[arin-ppml] Policy Proposal: Whois Integrity Policy Proposal

Milton L Mueller mueller at syr.edu
Thu Aug 21 02:01:07 EDT 2008


> i do personally hold either the "thing 1" or the "thing 2" view, and
so to
> me, uniqueness against competing allocations or merely against
competing
> utilization (perhaps by stronger or larger parties elsewhere in the
world)
> is a community-level right -- we all have it because the community
agrees
> that we all have it.  i don't distinguish in my mind between the
rights i
> have to legacy space vs. non-legacy space, because all of those rights
are
> whatever the community agrees to protect, and while various
individuals
> have
> begged differential relief in this area, i've seen no consensus for
it.
> 

Paul
One can make a good case for a unified, consistent address governance
regime that would involve eliminating legacy holder's special rights and
bringing everyone in under the same kind of contract. 

But one cannot make the case you want to make based on appeals to "the
community" and "consensus." Because the legacy holders are part of "the
community." A big part of it, in North America. And I suspect that they
will never agree to be part of a "consensus" that eliminates their
special status. 

We have a lot of experience now with "legacy" holders of domain name
resources, notably the ccTLDs. And it has been interesting to watch --
without expressing any positive or negative judgment -- how much the
regime had to adapt to their special interests and demands.

To put it another way, there is no "community," there are different
groups of actors with different interests. A political ethic that
attempts to resolve global, Internet-wide conflicts over rights by
appealing to the norms of a small-scale, homogeneous community is
unlikely to provide stable guidelines. I hope people are able to move
beyond this communitarianism over the next few years; the "Internet as
community" model may have existed 20 years ago but does not today.
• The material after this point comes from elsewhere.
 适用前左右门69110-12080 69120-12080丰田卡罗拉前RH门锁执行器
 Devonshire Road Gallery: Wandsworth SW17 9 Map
It would be better to base policies on the overall social effects of
various policy decisions, using more scientific and well-understood
standards such as economic efficiency, technical efficiency, and
abstract concepts of justice and fairness. 

There are lots and lots of people around the world who will be affected
by IP addressing policies who are not now, and probably never will be
part of what you consider to be the "community."